Configuring a ruleset
There are a number of options available when setting up a ruleset:
Billing ruleset | |
Name | A unique name for the ruleset to help users understand when to apply the ruleset to a contract. |
Applicable to | |
Contribution types |
The list of contribution types that can be selected for a contract when this ruleset is applied.
|
Invoice item types | The list of invoice item types that can be selected for a contract when this ruleset is applied. The actual list will reflect the invoice line items configured for your account. |
Billing rules | |
Bill per |
Whether the contract the ruleset is applied to will be billed on a per day or per night basis.
|
Days billed after death | The number of additional days (or nights if billed per night) to bill if the resident dies whilst in the care home. Days after death invoices are raised automatically by CareHQ when a resident is discharged with the reason given as deceased. |
Days after death invoice item type | The invoice item type to be used for any invoice line item raised to cover days after death, if not set then the invoice item type assigned to the billing contract will be used. |
Absences rules | |
Apply a discount when the service user is absent for these reasons | The list of reasons for being absent that qualify the resident for a discount. If you discount fees when a resident is absent then you can configure the ruleset so that CareHQ will automatically apply relevant discounts. The actual list will reflect the absence reasons configured for your account; hospital admission is a protected reason and is present by default on all accounts. |
Days before discount applies | The number of days the resident must be absent before the discount will be applied. For example, if a resident is absent for 10 days and the discount applies after 7 days then the discount will be applied for 3 days. |
Discount for being absent | The discount that will be applied during the resident's absences as a percentage. |
Examples of common rulesets
The following examples cover some of the more common rulesets clients set up for billing.
Private permanent
A common shared schedule to add is one for privately funded permanent residents and resident contacts. Permanent private residents are often billed per day and billed for additional days after death.
In our example we've set private contributions and top-ups as the applicable contribution types, billing as per day with a days billed after death period of 7 days. This would mean the resident is billed up to and including their checkout date and that if they pass whilst in the home an additional invoice for 7 days will be raised.
For example if the patient dies on the 20th March:
- The associated contract will be billed for each day up to and including the 20th March.
- An invoice will be raised for an additional 7 days at the associated contract's daily rate.

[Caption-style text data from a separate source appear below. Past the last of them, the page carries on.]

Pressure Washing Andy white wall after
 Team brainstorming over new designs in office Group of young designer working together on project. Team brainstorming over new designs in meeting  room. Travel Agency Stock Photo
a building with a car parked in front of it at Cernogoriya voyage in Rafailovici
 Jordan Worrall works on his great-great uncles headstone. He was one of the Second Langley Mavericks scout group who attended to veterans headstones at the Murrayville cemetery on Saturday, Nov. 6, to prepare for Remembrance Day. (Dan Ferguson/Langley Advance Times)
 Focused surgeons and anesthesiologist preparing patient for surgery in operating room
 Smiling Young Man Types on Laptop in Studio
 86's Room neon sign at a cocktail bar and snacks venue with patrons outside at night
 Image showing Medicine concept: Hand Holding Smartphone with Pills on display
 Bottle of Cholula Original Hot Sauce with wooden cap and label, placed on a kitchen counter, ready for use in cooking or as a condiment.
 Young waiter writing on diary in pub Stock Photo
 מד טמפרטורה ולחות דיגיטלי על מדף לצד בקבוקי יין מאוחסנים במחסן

FNC (NHS-funded Nursing Care)
FNC contracts have the same terms for all residents and so it's typical to define a shared ruleset for FNC.
In our example we've set FNC as the only contribution type, billing as per night, and applied a full discount for any period a resident is absent due to a hospital admission.
For example if the patient checks out on the 20th March (for any reason):
- The associated contact will be billed for each day up to the 19th March (they will not be billed for the 20th).
If the resident is absent for 7 days due to a hospital admission:
- A discount will be generated for the associated contract for 7 days at its daily rate, either in the form of a discount line item in the next invoice (if billed in arrears) or as a credit note if the period the resident was absent for has already been billed.
Archiving rulesets
When a billing ruleset is no longer required you can archive it so that it no longer appears as an option when setting up a contract. This is especially relevant if you ever need to archive a shared ruleset.
To archive a ruleset:
- Find and select the ruleset your want to archive
- Check the Archived checkbox and select the Save button.
You can't archive a ruleset if there are related contracts that are active.